I tried this command:
kubectl logs --tail
I got this error/help output:
Error: flag needs an argument: --tail
Aliases:
logs, log
Examples:
# Return snapshot logs from pod nginx with only one container
kubectl logs nginx
# Return snapshot logs for the pods defined by label app=nginx
kubectl logs -lapp=nginx
# Return snapshot of previous terminated ruby container logs from pod web-1
kubectl logs -p -c ruby web-1
# Begin streaming the logs of the ruby container in pod web-1
kubectl logs -f -c ruby web-1
# Display only the most recent 20 lines of output in pod nginx
kubectl logs --tail=20 nginx
# Show all logs from pod nginx written in the last hour
kubectl logs --since=1h nginx
# Return snapshot logs from first container of a job named hello
kubectl logs job/hello
# Return snapshot logs from container nginx-1 of a deployment named nginx
kubectl logs deployment/nginx -c nginx-1
ummm I just want to see all the logs, isn't this a common thing to want to do? How can I tail all the logs for a cluster?
To get Kubectl pod logs, you can access them by adding the -p flag. Kubectl will then get all of the logs stored for the pod. This includes lines that were emitted by containers that were terminated.
To do this, you'll have to look at kubelet log.

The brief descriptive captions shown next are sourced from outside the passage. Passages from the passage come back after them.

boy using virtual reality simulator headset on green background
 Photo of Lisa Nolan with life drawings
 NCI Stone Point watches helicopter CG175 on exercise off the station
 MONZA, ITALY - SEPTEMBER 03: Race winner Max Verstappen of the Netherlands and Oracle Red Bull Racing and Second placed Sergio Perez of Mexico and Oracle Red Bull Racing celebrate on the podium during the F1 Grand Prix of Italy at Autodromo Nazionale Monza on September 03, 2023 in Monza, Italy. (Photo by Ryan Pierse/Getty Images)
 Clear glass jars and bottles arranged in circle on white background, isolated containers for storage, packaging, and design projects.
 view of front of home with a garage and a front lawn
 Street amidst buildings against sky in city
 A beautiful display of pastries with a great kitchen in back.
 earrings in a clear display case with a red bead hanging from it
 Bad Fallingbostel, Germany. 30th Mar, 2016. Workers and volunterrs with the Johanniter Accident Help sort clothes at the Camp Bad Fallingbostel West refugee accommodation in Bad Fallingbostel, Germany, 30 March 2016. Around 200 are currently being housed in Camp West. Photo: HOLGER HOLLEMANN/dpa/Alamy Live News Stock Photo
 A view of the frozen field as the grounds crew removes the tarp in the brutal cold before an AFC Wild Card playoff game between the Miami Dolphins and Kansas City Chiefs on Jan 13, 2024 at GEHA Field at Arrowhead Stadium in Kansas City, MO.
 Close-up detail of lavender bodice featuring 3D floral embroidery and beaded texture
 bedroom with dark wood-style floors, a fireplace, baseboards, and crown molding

Accessing the logs depends on your Node OS. On some OSes it is a file, such as /var/log/kubelet. log, while other OSes use journalctl to access logs.
If you don't mind using a third party tool, kail
does exactly what you're describing.
Streams logs from all containers of all matched pods. [...] With no arguments, kail matches all pods in the cluster.